Riportiamo qui di seguito l’articolo di Variety uscito su Cinenotes N. 2771 (3084) del 02-01-2019.

Sin dal debutto a Venezia, dove ha vinto il Leone d’Oro, Roma è stato avvolto da un’aura speciale, da più parti salutato come un capolavoro. Al di là dei giudizi estetici, il vero dramma per molti è come il film è stato distribuito. Il film avrebbe visto la luce senza Netflix? Una domanda strana, che non si pone per gli altri film, tuttavia la società viene vissuta come una sfida al primato dell’esperienza della sala cinematografica (in soldoni: perché vi importa tanto che i nostri film si vedano a casa? Almeno li vedete, ecco perché produciamo opere che gli altri Studio non farebbero). Ma non è così, come dimostra il caso del film di Cuaron: prodotto da Participant Media, vanta un budget di 15 M$ e ci si chiede se, dopo Gravity, il regista avrebbe davvero faticato a trovare una società convenzionale per il suo progetto, per quanto in bianco e nero e con sottotitoli, laddove Netflix è apparso come il Salvatore della Settima Arte (nessun altro darebbe 125 M$ a Scorsese!). Ogni settimana si legge del film: più sale, più città, qualche copia in 70mm! Tuttavia, la data cruciale è stata il 14 dicembre, quando il film è approdato su Netflix: considerato il numero di sale dove il film è in programmazione, il totale di spettatori appare minuscolo (quanti lo vedranno davvero su piattaforma? Naturalmente non lo sapremo, perché la società non rivela alcun dato).

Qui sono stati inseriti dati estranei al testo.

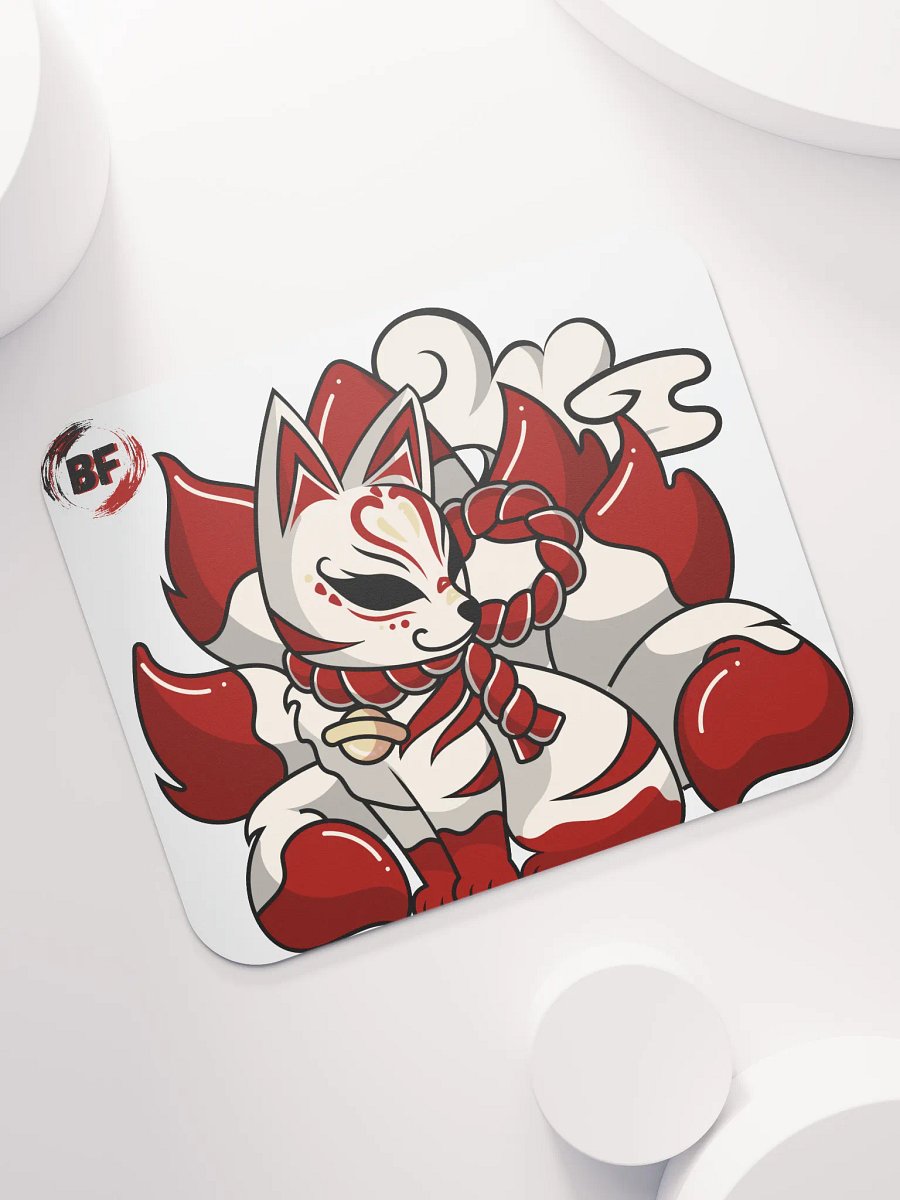 Tapis de souris BlooD Logo Twitch & Kitsune product image (7)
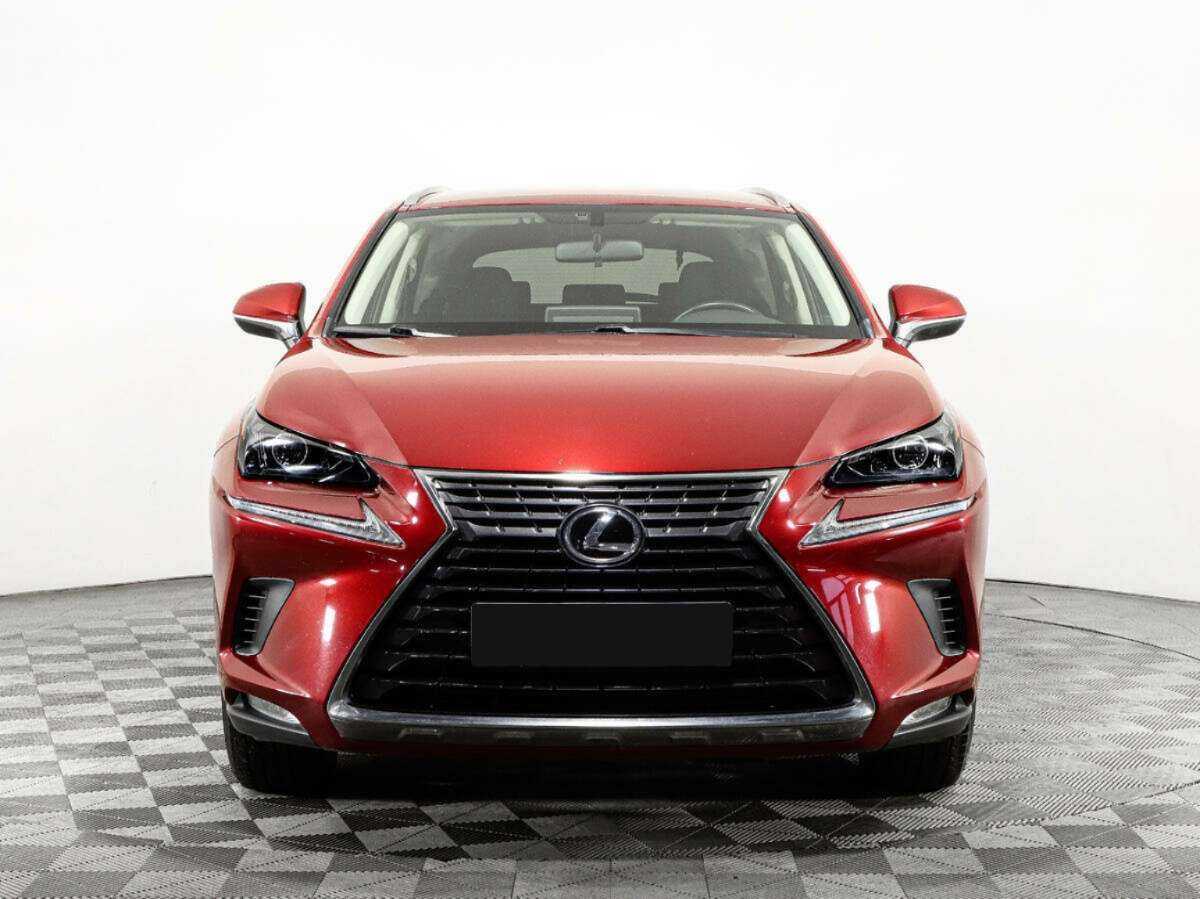 Lexus NX с пробегом — 2019 год. Фото: #1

Senza eccessiva difficoltà si può ritenere che, distribuito normalmente, Roma avrebbe potuto facilmente incassare 20 M$ nelle sale. Ma ciò non deve far pensare che non ci sia alcuna differenza tra la distribuzione tradizionale e quella effettuata da Netflix: non dobbiamo dimenticare il ruolo che le sale cinematografiche rivestono, all’interno del quale le persone possono sentirsi parte integrante di una comunità che condivide un’esperienza unica. Dobbiamo altresì considerare che, quando un film non viene distribuito in sala bensì su una piattaforma streaming, la sua qualità, anche se indiscutibilmente alta, viene in qualche modo percepita in maniera sfalsata dal pubblico. Ed infatti non è opinione di pochi che se un film è destinato al piccolo schermo non sia da considerare tale. Sorge quindi spontaneo chiedersi se tutto ciò influirà sulla possibilità di Cuarón di vincere l’Oscar, dal momento che si teme che un voto dato a Roma possa essere interpretato come un voto dato a Netflix e alla sua politica (Tutti i film a casa, in ogni momento!), essenzialmente una minaccia al paradigma dell’esistenza di Hollywood da oltre un secolo. Paura fondata: è risaputo che, agli occhi dei giurati dell’Academy, i film che vincono l’Oscar rappresentano il cuore e l’anima dell’industria. Nel caso di specie, il film appare etereo e un po’ astratto: come un capolavoro, ma anche come un fantasma.